Baye's theorem is certainly well known for a theorem, it is taught in many introductions to stats classes. But then again, what percentage of the population would have taken stats classes, not a huge amount? What percentage of the population is low enough to qualify for something to be called "obscure" anyway?
Perhaps you think the meaning is clear so let's change it around. Let's say the headline was Bayes' theorem is a "well-known math theorem". Do you honestly think no one would reply: "Well-known! I haven't heard of it before!!!"
The irony of all this is that journalists (including Tom) often get annoyed at readers who think that they write the headline of an article. Journalists know that it is usually the editor that writes the headline as they have direct experience of this. However, how common is this knowledge amongst the general population?
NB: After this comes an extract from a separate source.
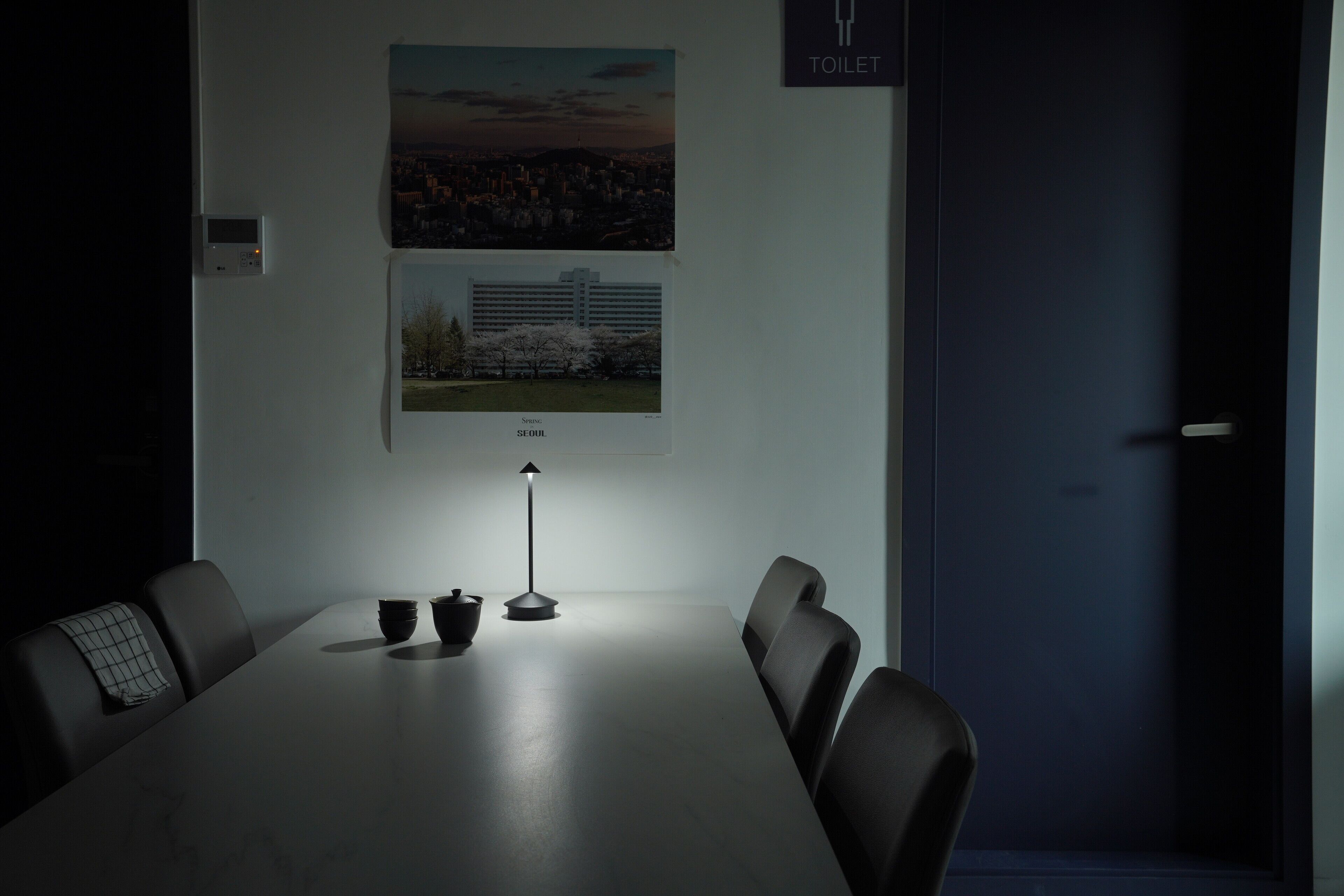 A conference room with a long table, four chairs, a small table lamp, two cups, and two framed pictures on the wall.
Saying this, I can also understand people's anxiety that the headline may be misleading. I do think it highlights a broader issue with the disconnect between headline writers and those who write the article.
*Some people were concerned that the phrasing of the headline made it sound like it was more difficult to understand which could put people off. Another way of looking at is that for many, maths seems difficult to understand and acknowledging this may make people feel more confident. I have no idea which way is the right way to look at this.
**This is the Japanese for "this is simple".